**TO DO**
Only the lines below from the one that holds "Optional Benefits Providing" through the one that holds "Fragilité blanche - Robin" should appear in the answer, copied exactly, end lines included and pictures omitted.

**RECORD SET**
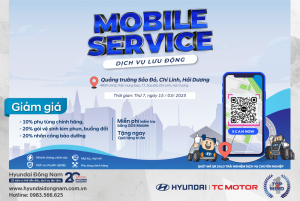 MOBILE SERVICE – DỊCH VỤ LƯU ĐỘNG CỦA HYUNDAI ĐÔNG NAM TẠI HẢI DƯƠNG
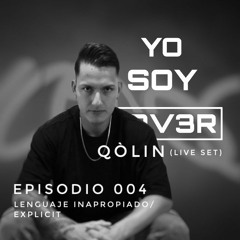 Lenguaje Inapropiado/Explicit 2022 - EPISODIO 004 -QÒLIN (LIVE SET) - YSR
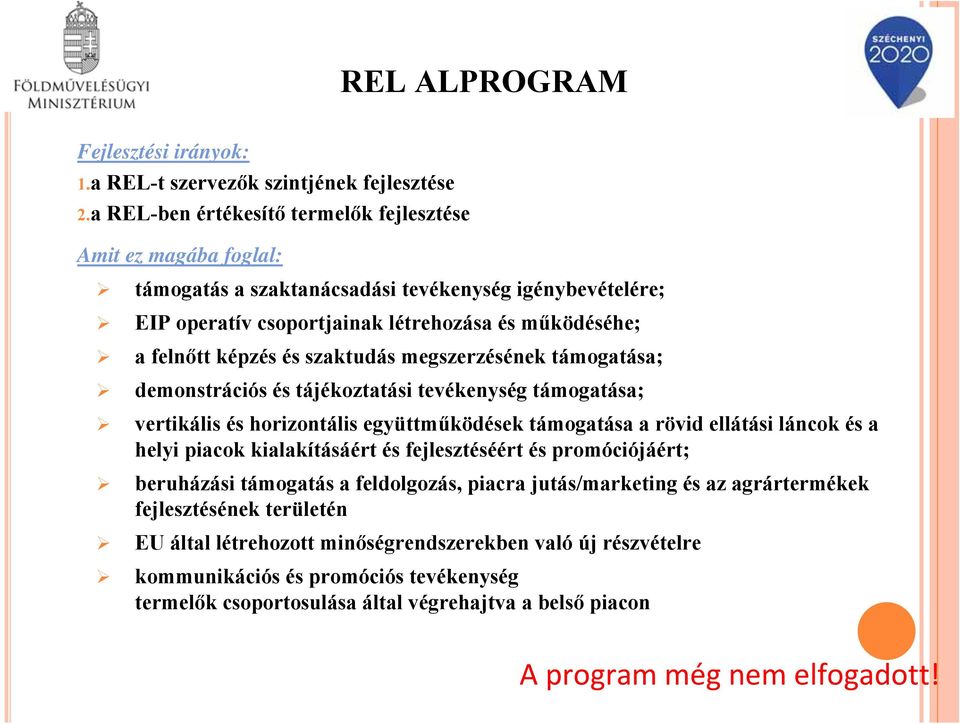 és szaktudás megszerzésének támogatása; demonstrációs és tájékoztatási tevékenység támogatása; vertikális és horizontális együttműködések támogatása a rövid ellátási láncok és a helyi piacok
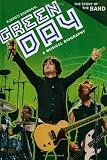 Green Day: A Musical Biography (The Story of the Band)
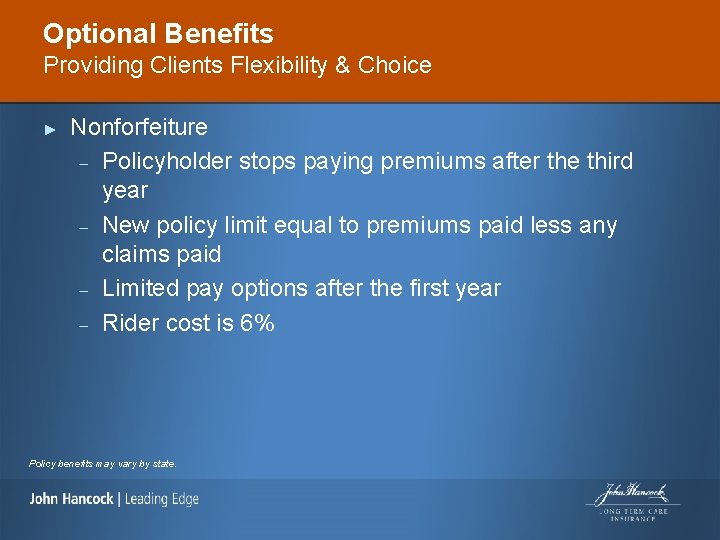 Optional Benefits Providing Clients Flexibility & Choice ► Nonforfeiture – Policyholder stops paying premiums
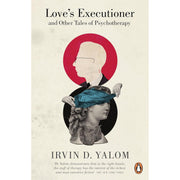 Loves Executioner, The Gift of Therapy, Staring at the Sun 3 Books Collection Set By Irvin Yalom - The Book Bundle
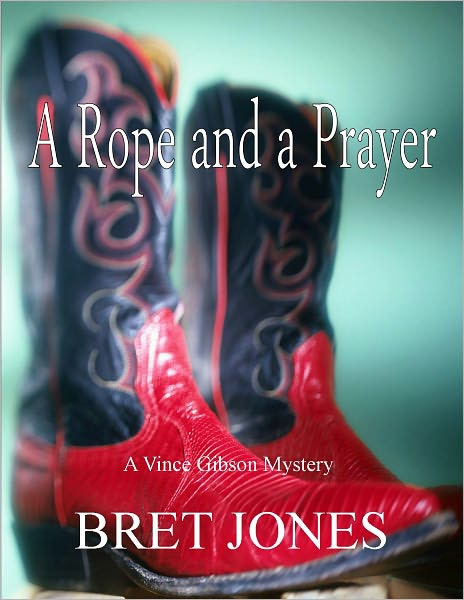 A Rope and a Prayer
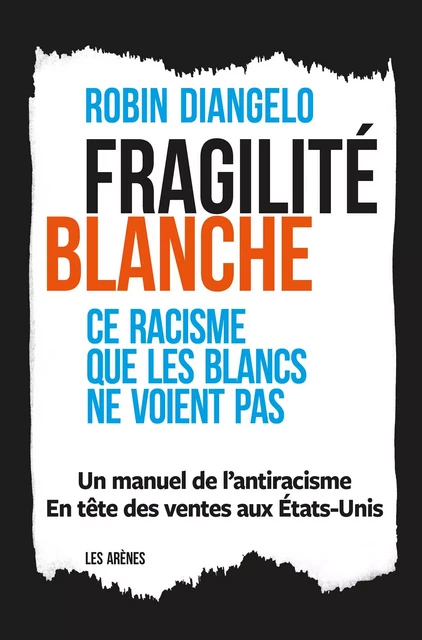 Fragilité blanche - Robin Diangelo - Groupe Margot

...

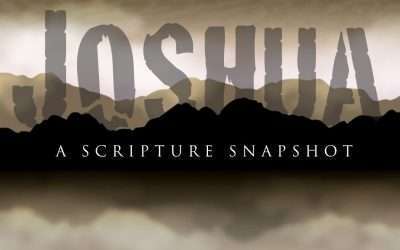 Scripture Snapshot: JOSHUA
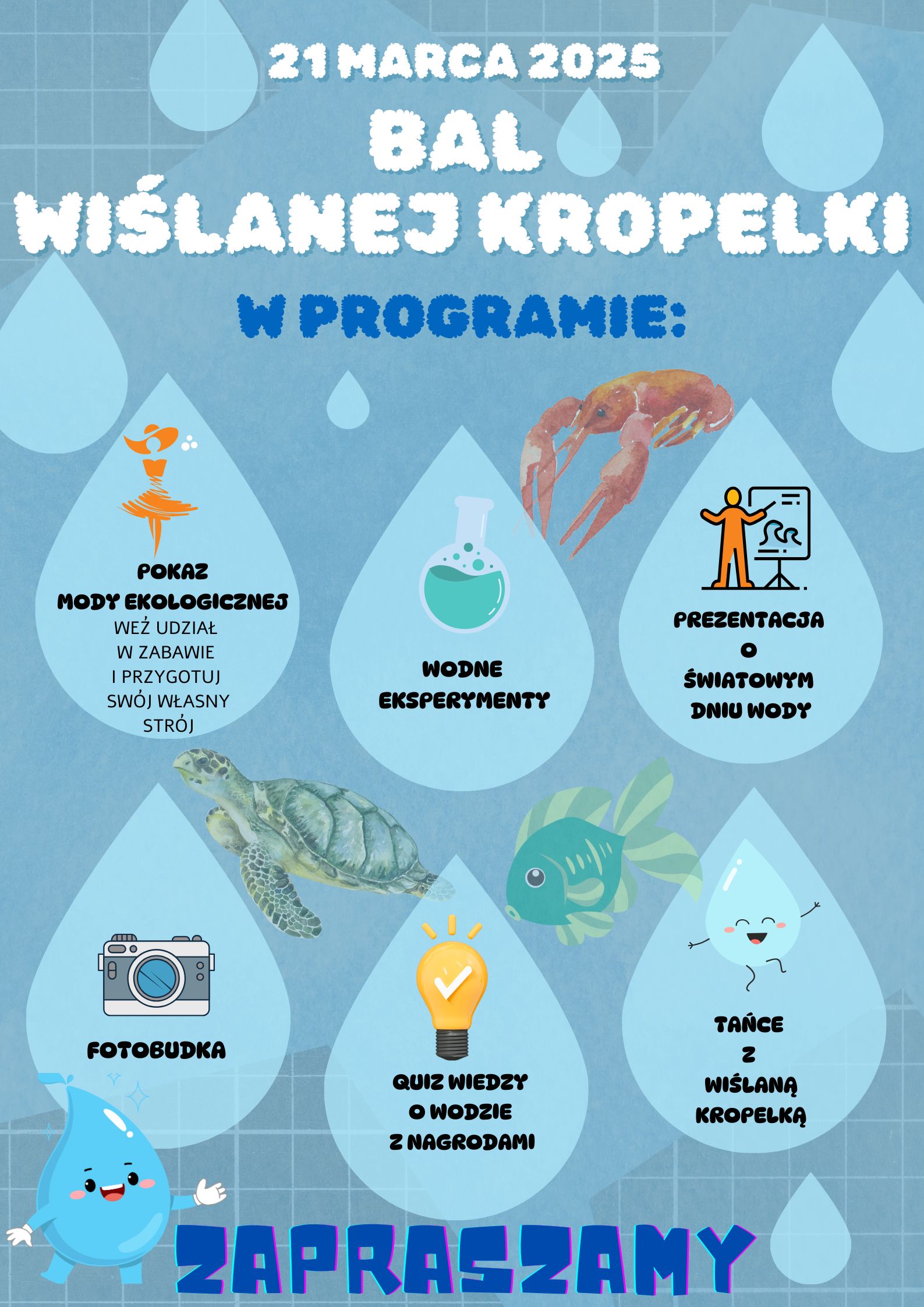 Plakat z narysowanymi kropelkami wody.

**EXPECTED ANSWER**
 Optional Benefits Providing Clients Flexibility & Choice ► Nonforfeiture – Policyholder stops paying premiums
 Loves Executioner, The Gift of Therapy, Staring at the Sun 3 Books Collection Set By Irvin Yalom - The Book Bundle
 A Rope and a Prayer
 Fragilité blanche - Robin Diangelo - Groupe Margot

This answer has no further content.